米エネルギー情報局(EIA)の週報によると、戦略石油備蓄(SPR)を除く原油と石油製品の在庫は昨年夏ごろから減少傾向にある。年初にかけては米石油在庫の取り崩しは一巡しているものの、米国に寒波が到来していることで暖房用の石油需要が拡大している公算で、需給はさらに引き締まっている可能性が高い。

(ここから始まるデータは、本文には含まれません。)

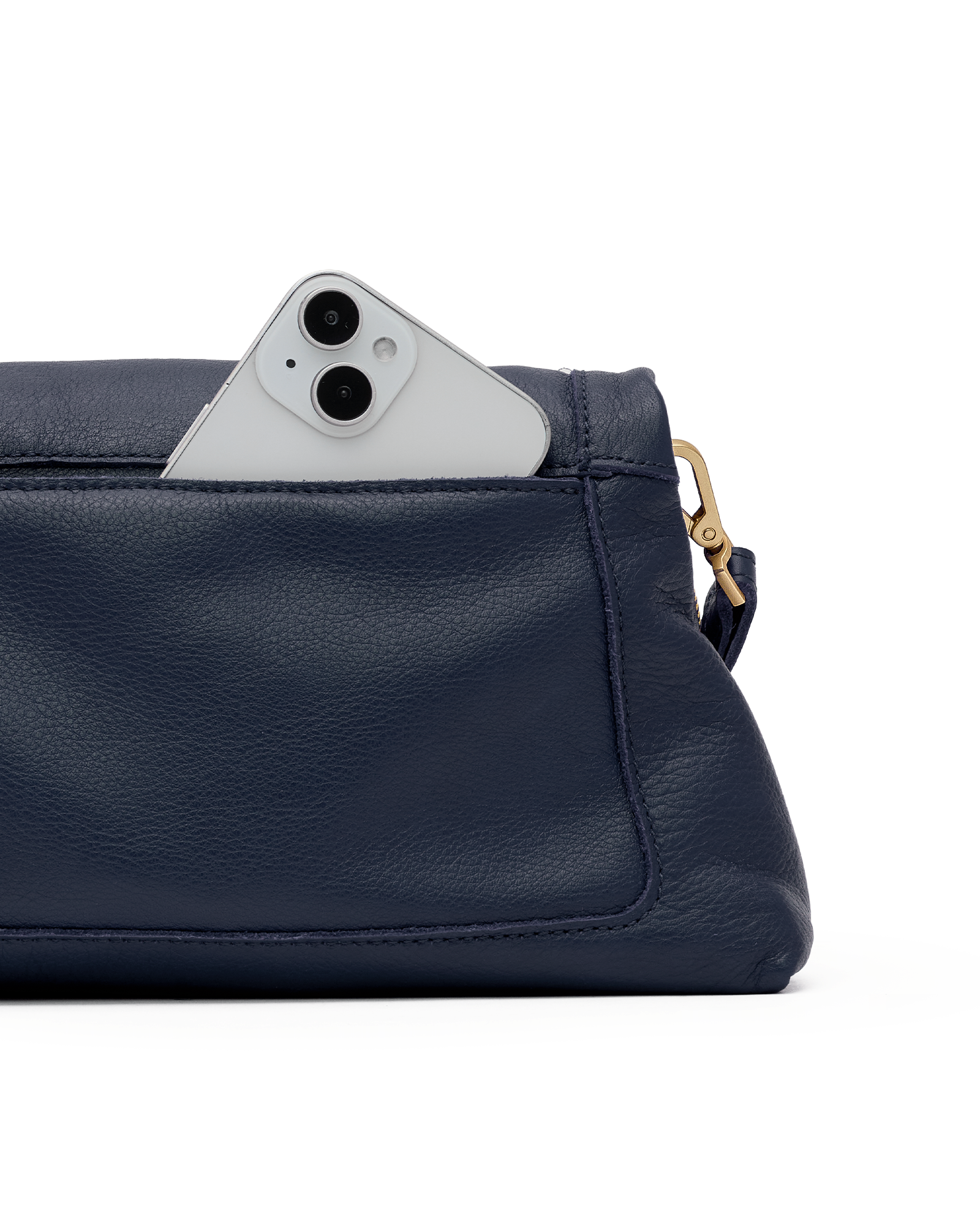 A close-up of a navy blue pebbled leather pouch or clutch with a white smartphone partially tucked into the top pocket, showing a gold-tone ring pull on a white background.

また、EIA週報で受け渡し地クッシングの原油在庫は2003万8000バレルまで減少しており、タンクボトムとされる節目の2000万バレルに接近している。タンクボトムとは、クッシングで受け渡しのために最低限維持されなければならない水準であり、この付近を大きく下回って原油在庫を取り崩すことが出来ない下限として認識されている。クッシングで渡すための原油を確保することが難しくなっている可能性があり、一言でいえば売りたくても現物がなく、売れない状況といえる。原油先物はペーパーアセットの一角であるため、現物がなくとも売りオーダーは通るものの、裸の売り(ネイキッド・ショート)が増えるならば、売り方は踏み上げの燃料となりうる。
●来週の相場は今年を占う
ロシアに対するバイデン米政権の追加制裁、トランプ次期政権による新たなイラン制裁の発動リスク、寒波による燃料需要拡大、オクラホマ州クッシングで原油在庫が低水準で推移していることは原油相場をさらに押し上げる可能性がある。米国がイランに軍事行動を起こすリスクも否定できないうえ、カナダから日量400万バレルもの原油を輸入する米国がカナダからの輸入品全てに関税を科す暴挙も想定しなければならない。足元の原油高は上昇トレンドの始まりなのか。来週の相場展開は今年を占うだろう。